Recorded data:
§

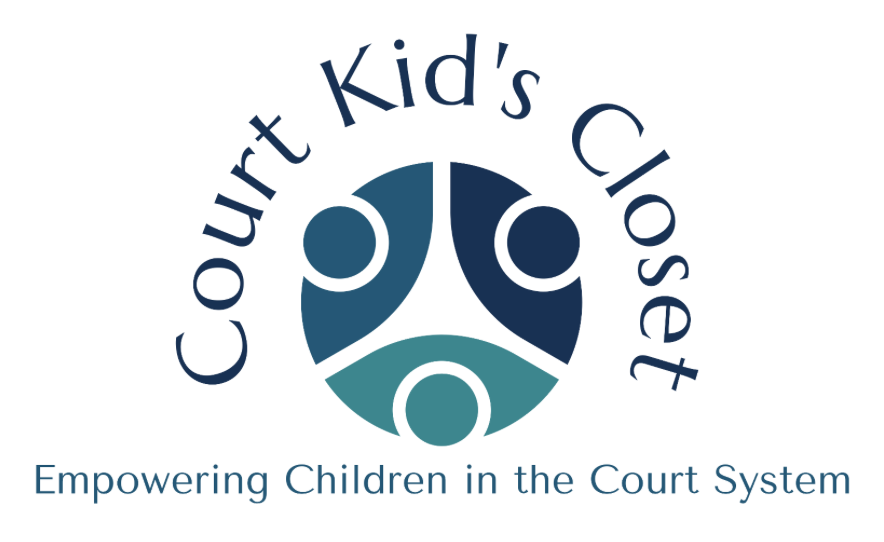 Court Kid&#39;s Closet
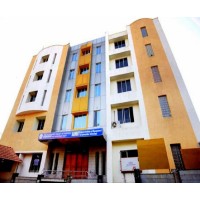 AIMIT college logo - Similar company to Primus B School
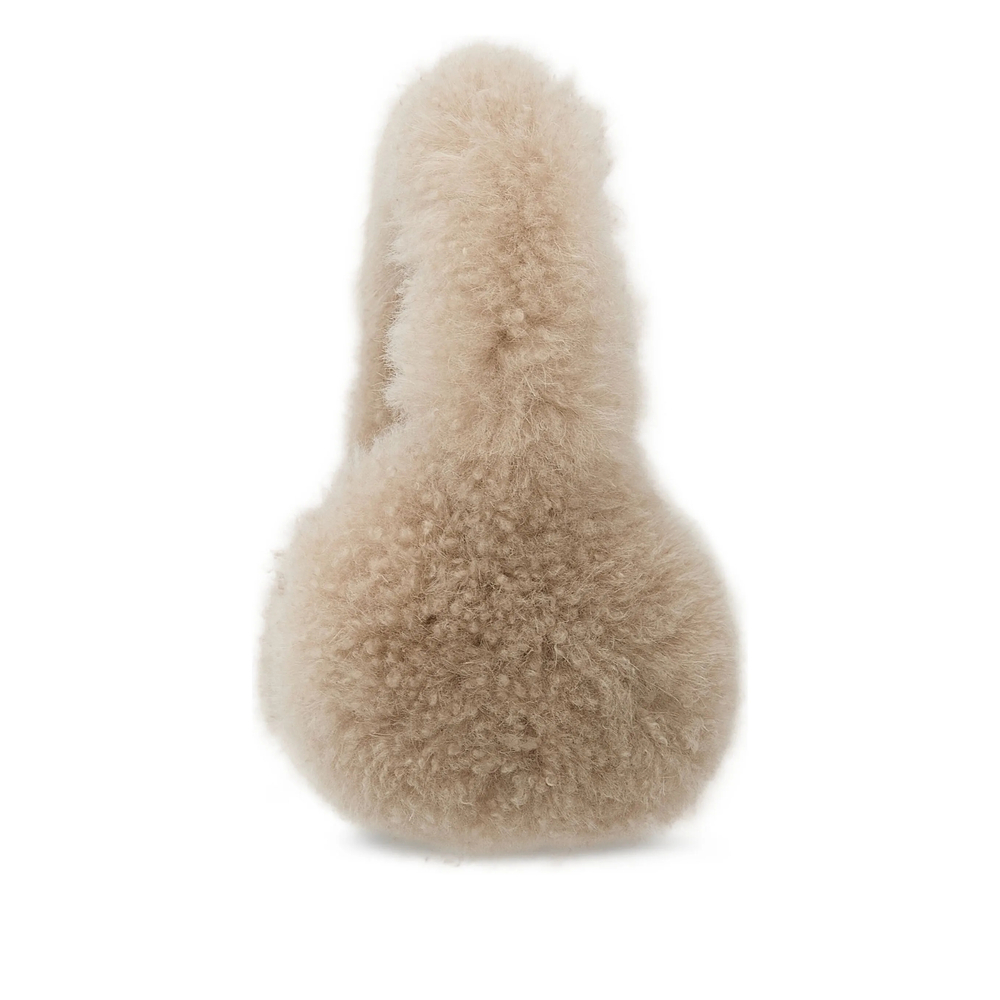 [Yves Salomon] Hair Accessory FW26 26WAA623XXMAAG  A2048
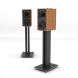 Klipsch Stand for The Fives	Black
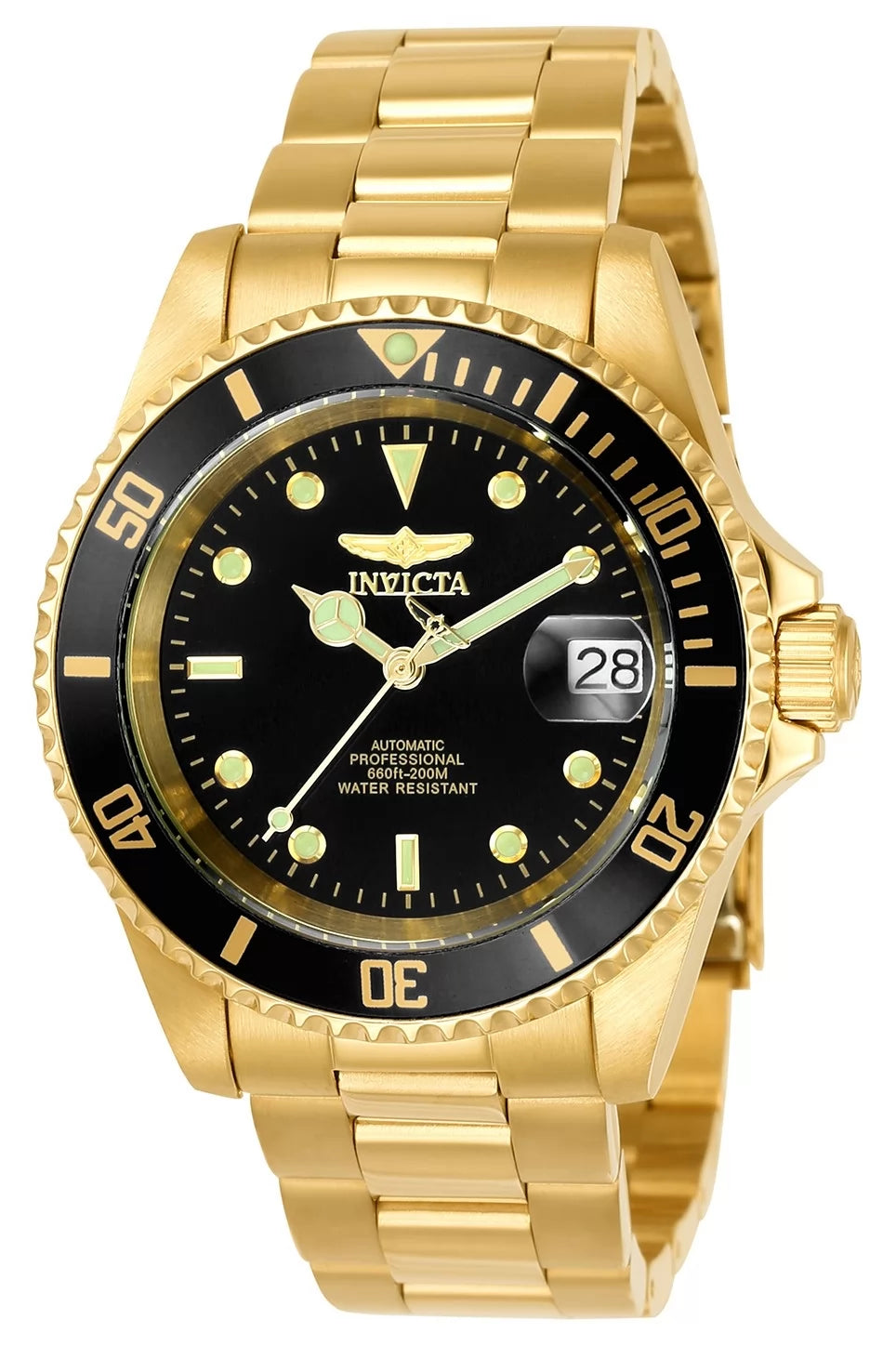 Invicta 8929OB 40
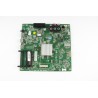Philips40PFT5300/12 Main board
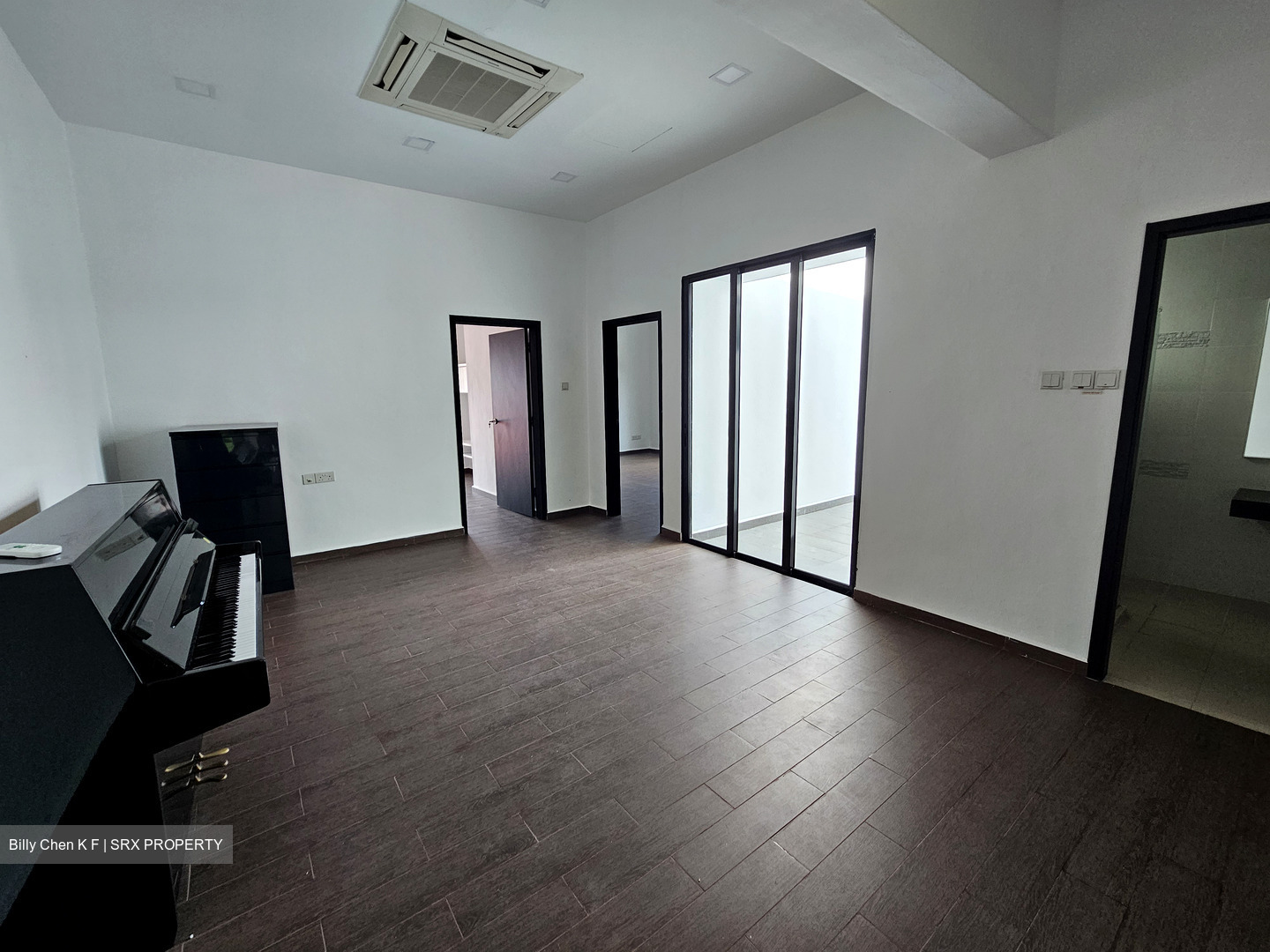 Tuan Sing Park (D28), Semi-Detached #487026511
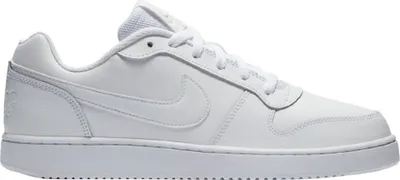 Image de Nike Chaussures Ebernon Low, AQ1775100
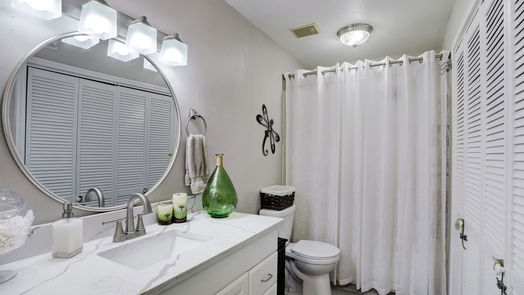 Webster 1-story, 1-bed 18617 Egret Bay Boulevard 1010-idx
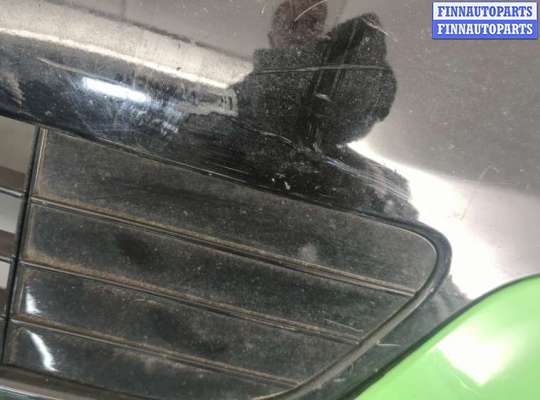 купить Бампер на Fiat Punto Evo 2009-2012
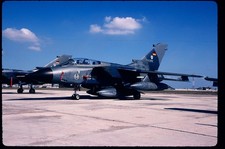 BZ186 SCIVOLO AEREO K64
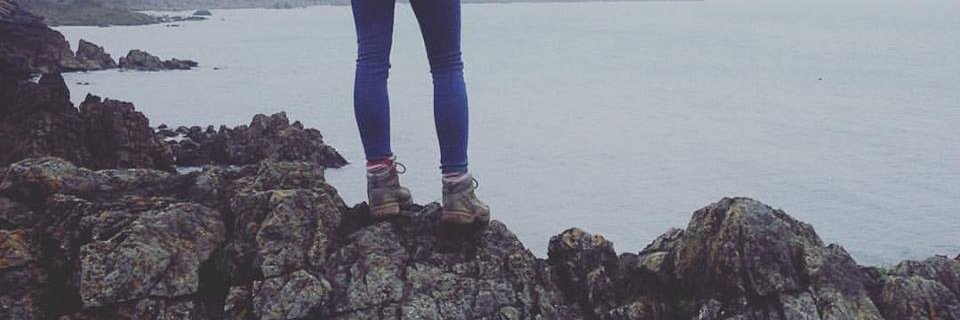 BuffyDismorr's profile banner image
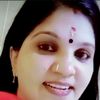 lakshmilaks20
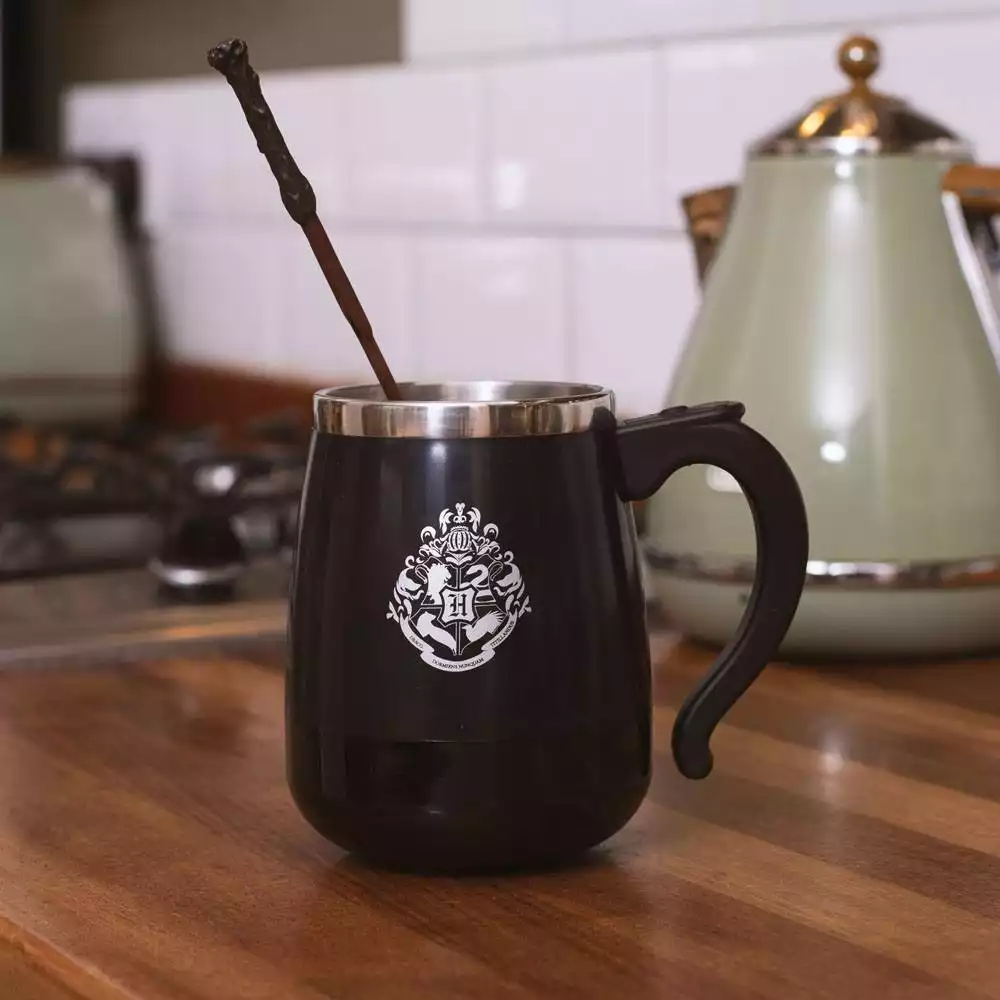 harry-potter-magic-stirring-mug-1751386140-6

§

▶ [ASSIGNMENT]:
Extract every line of the data exactly; pictures stay out.

▶ [RESPONSE]:
 Court Kid&#39;s Closet
 AIMIT college logo - Similar company to Primus B School
 [Yves Salomon] Hair Accessory FW26 26WAA623XXMAAG  A2048
 Klipsch Stand for The Fives	Black
 Invicta 8929OB 40
Philips40PFT5300/12 Main board
 Tuan Sing Park (D28), Semi-Detached #487026511
 Image de Nike Chaussures Ebernon Low, AQ1775100
 Webster 1-story, 1-bed 18617 Egret Bay Boulevard 1010-idx
 купить Бампер на Fiat Punto Evo 2009-2012
 BZ186 SCIVOLO AEREO K64
 BuffyDismorr's profile banner image
 lakshmilaks20
 harry-potter-magic-stirring-mug-1751386140-6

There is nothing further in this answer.